Ersin Özince, İş Bankası Grubu'nu anlatmak için söze başladığında, doğal olarak konuyu bankaya getirmesi o kadar çabuk olamadı. Ne de olsa, İş Bankası, finansın dışında cam, enerji, telekomünikasyon ve sanayi ve hizmetler alanında faaliyet gösteren 58 şirkette doğrudan, 64 şirkette ise dolaylı iştirak sahibiydi. Haliyle bizim de sorularımız bitmek bilmedi. İş Bankası, iştiraklerinden dolayı hep eleştiri aldığı için, daha önce de dinlediğim Genel Müdür Özince'nin "Bankalar bankacılık yapsın, sanayicilik yapmayı bıraksın" tarzındaki söylemlere sert yanıtlar verdiğini biliyorum.
Yemek sırasında da kimse soru sormadan Özince, "İştiraklerimizden pişman değiliz" diyerek konuya net bir giriş yaptı. Kuşkusuz örneğin iştiraklerden Şişecam'ın başarıları Türkiye sınırlarını çoktan aştığı için Özince'nin bu yorumunu haksız bulmuyorum. Ama tabii bir bankanın da en çok ana işine odaklanmasının en doğrusu olduğunu düşünüyorum. Özince, konuşmasında, "Bunu savunma içgüdüsüyle söylemedim. İlişkilerimiz sürdürmeye müsaitse sürdürüyoruz.
Bizimle birlikte yola çıkanları da değişime davet ediyoruz" diyerek bankanın iştiraklerini savunurken, herkesin merak ettiği, bankacılık yapıp yapmadıkları konusunda da "Vatandaşa en fazla krediyi biz verdik" diyerek spekülasyonları başlamadan bitirmeyi amaçlıyordu. Hükümetin tahminleriyle örtüşen öngörüler yapan İş Bankası da 2004 yılı için yüzde 5'lik bir büyüme tahmin ediyor.
Zaten Özince de konuşmasında, "Biz banka olarak büyümeyi finanse etmeyi hedefliyoruz" diyerek, bu konuda bankanın sıkı çalışacağının işaretini veriyor. Yemekte ilginç anekdotlardan ikisini de bu yazıda aktarmakta fayda görüyorum. İş Bankası Bulgaristan'da yatırım yapmaya karar verdiğinde, hükümet bin dönüm arazi tahsis etmekle kalmamış, arazinin yolunu, ihtiyacı olan gazını, enerjisini ve demiryolunu da yapmış.

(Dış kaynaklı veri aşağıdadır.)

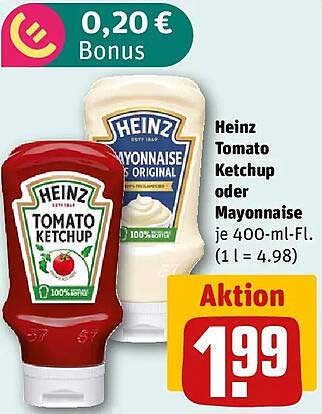 Heinz Tomato Ketchup oder Mayonnaise je 400-ml-Fl. (1 l = 4.98)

Bunun gibi örnekler çok sık yaşanıyor biliyorum ama yine de yabancı yatırımcıları çekmek konusunda Ankara'nın daha duyarlı olması için bu örneği veriyorum. Bir diğer anekdot da merhum Vehbi Koç ile ilgili. Kişisel hesabını İş Bankası'nda tutan Vehbi Koç'un hesabı hep hesap makinesiyle kuruşuna kadar elde hesaplanırmış. Faizi ise bir çek yazılarak elden kendisine teslim edilirmiş. Acaba Vehbi Koç bu çekleri ne yapardı? Vehbi Koç'a yakın olanlar, Vehbi Bey'in muhtemelen bu faizi bağışladığını söylüyor.